A special 26-week community gardening project at Gladstone Connect has inspired the next generation of Peterborough’s green-fingered growers, with help from Up The Garden Bath.
The award-winning community group received a £9,000 grant from Cambridge Community Foundation earlier this year to run a weekly, urban gardening group at the Cromwell Road site, which has recently come to an end.
Throughout this time, the team has taught families to plant and tend vegetables while forming new friendships with their neighbours.
The latest ‘Give It A Grow’ project - in one of Peterborough’s most diverse areas - comes as Up The Garden Bath estimates it has interacted with as many as 500 residents in Millfield since starting work in the area several years ago.
Project co-founder Kez Hayes-Palmer, said: “Working in the Gladstone Connect garden for several years, we have seen the difference green spaces can make to families who don’t have their own gardens and to the community.
“We love watching the plants grow but we are truly touched to see the way that growing plants brings communities together and creates social cohesion.
“This year we have worked with even more residents, inspiring them to ‘Give It A Grow’.”
Millfield has fewer green spaces than any other area in Peterborough and is one of the most underfunded areas of the city.
Co-founder of Up The Garden Bath, Dave Poulton, said that this project has taken on added importance after the recent passing of volunteer Janet Hagan, 84.
He explained “Janet was extraordinary and had a positive impact on everyone she met and even at 84, she was still doing what she could to help the community”.
“She will always be our 'queen of hearts’ and we will now allocate an area at the centre to create a memorial garden in her honour.”
Michelle Bush-Batty, who has recently left her role as Gladstone Connect Centre manager, after three-and-a-half years, said the garden has been a haven for families who have moved to Peterborough from other countries.
Michelle first started working with Up The Garden Bath in 2019 when the Community Interest Company (CIC) installed their first ever recycled bathtub in the Iqbal Centre garden.
Then, in early 2020, after taking on the role of manager at the centre, she met with both Dave and Kez, just before lockdown, with the idea to start a community garden.
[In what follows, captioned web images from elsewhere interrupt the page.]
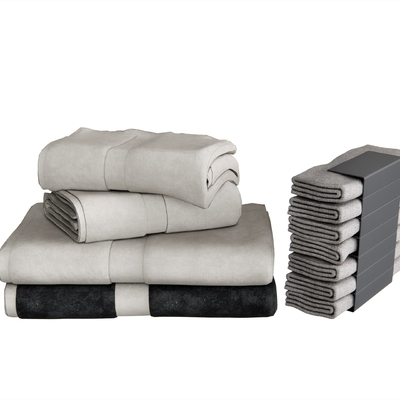  现代洗浴用品毛巾浴巾su模型 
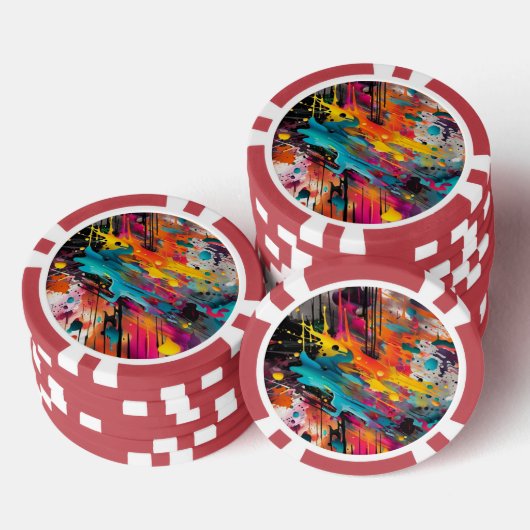 Levendige Chaos Splash Graffiti Poker Chips (Opstapeling)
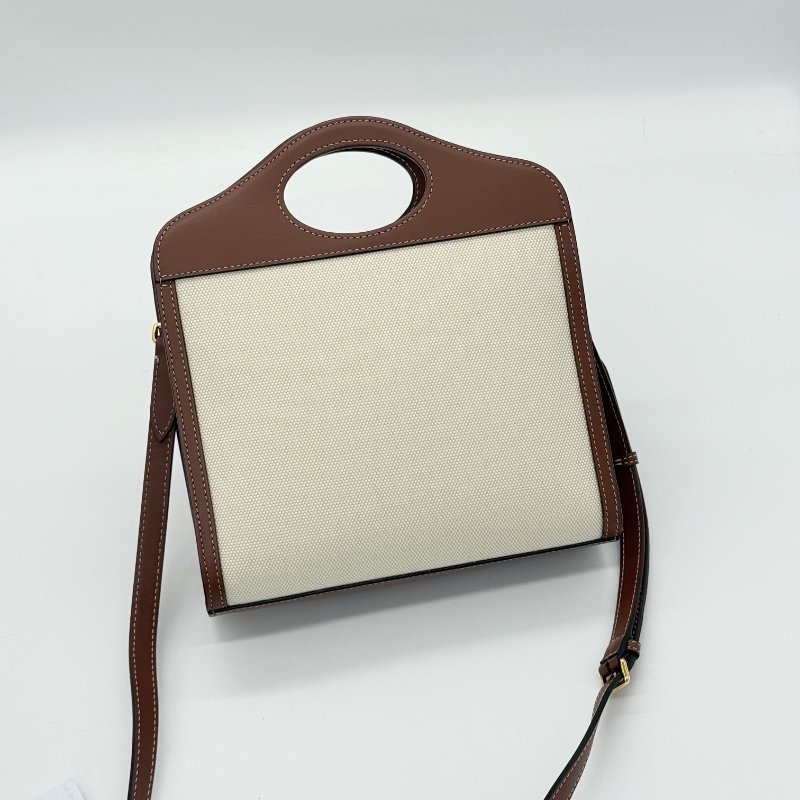 Burberry 巴寶莉 Mini Pocket 米色 棕色 帆布 牛皮 迷你口袋包 肩背包 手提包-4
She said: “We would design, build and create a safe space (socially distanced) to encourage local community members to come back together, learn how to grow their own food, harvest this food and use the tools and knowledge learned going forward to create their own green areas at home and lovingly tend to the community garden created.
“During that year we had over 200 visitors to our community garden from children and young people to the elderly and all from a range of backgrounds and cultures.
“The garden has always been a sanctuary, Dave and Kez have continually provided access to a safe space where everyone felt welcome and activities were planned from watering plants and weeding to planting and making seed bombs.”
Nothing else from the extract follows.